ACTIVITY:
Take the material below and extract the lines from the one with "En Venta: $1,299,000" through the one with "Михаил Казаков пообещал", word for word, without pictures.

RECORDS SHOWN:
┏━━

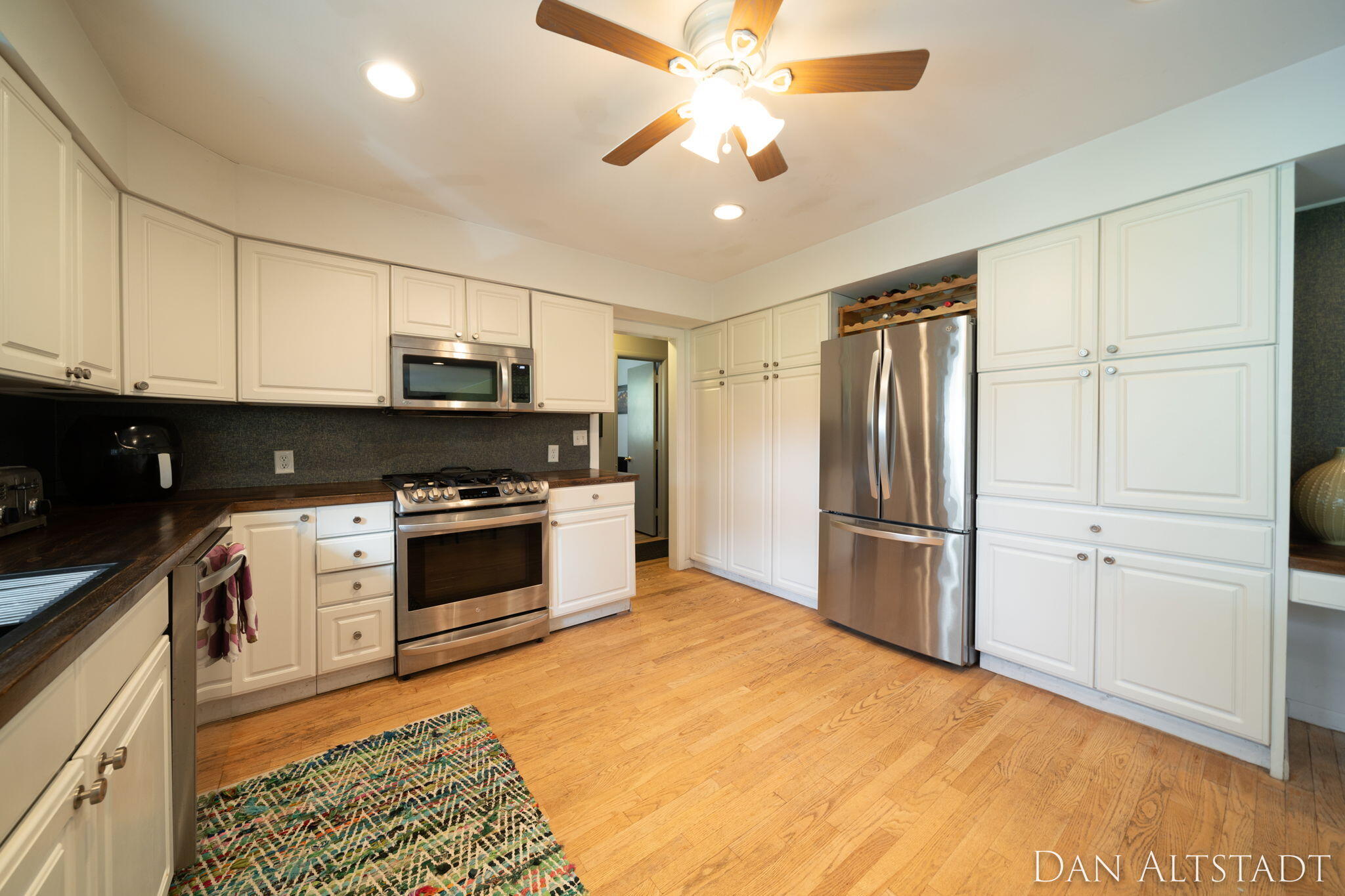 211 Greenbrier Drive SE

┗━━
┏━━

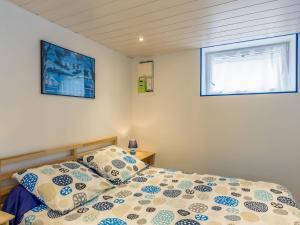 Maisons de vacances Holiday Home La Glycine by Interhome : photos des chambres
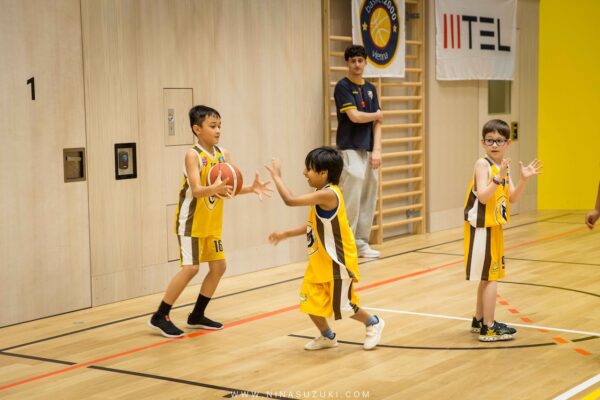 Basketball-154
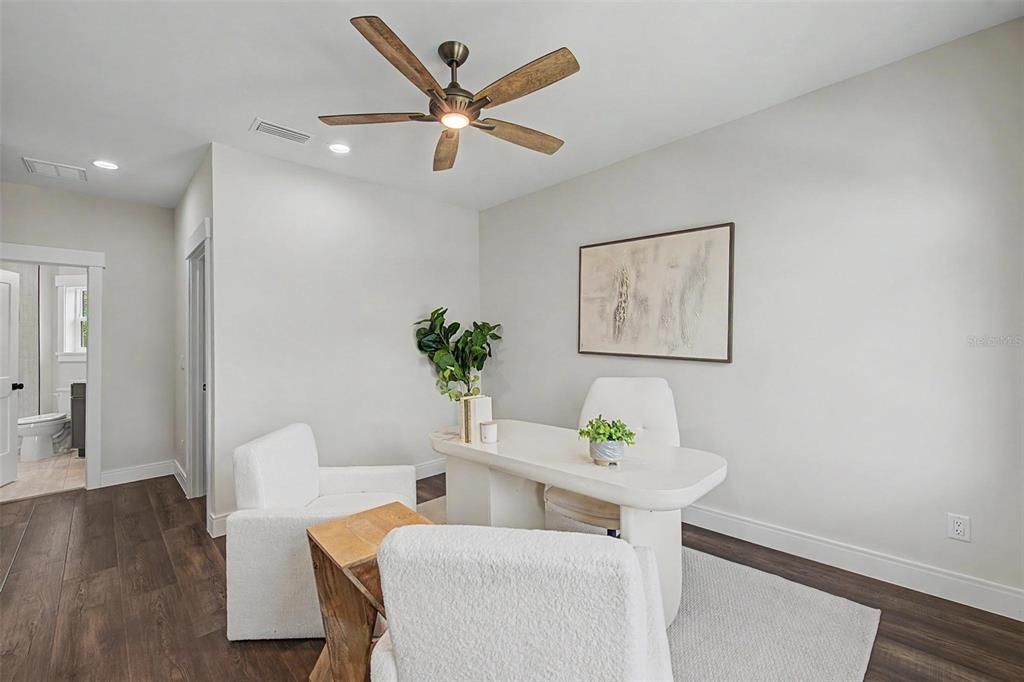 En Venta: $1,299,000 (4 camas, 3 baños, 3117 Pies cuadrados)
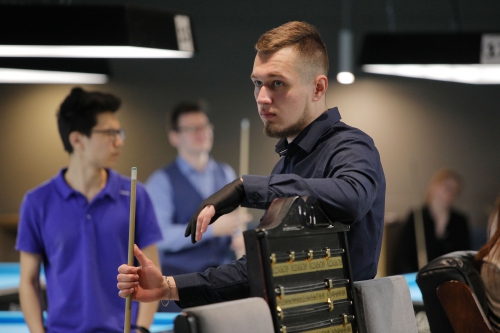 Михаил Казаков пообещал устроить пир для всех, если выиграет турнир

┗━━
┏━━

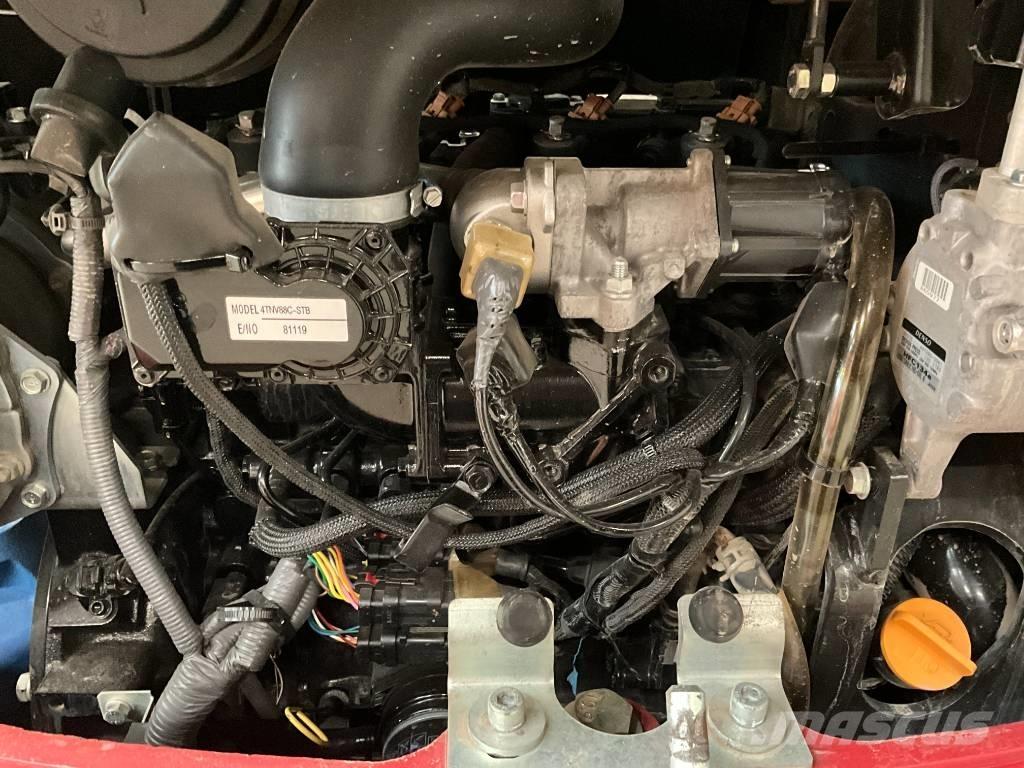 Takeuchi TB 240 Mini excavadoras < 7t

┗━━

RESPONSE AREA:
 En Venta: $1,299,000 (4 camas, 3 baños, 3117 Pies cuadrados)
 Михаил Казаков пообещал устроить пир для всех, если выиграет турнир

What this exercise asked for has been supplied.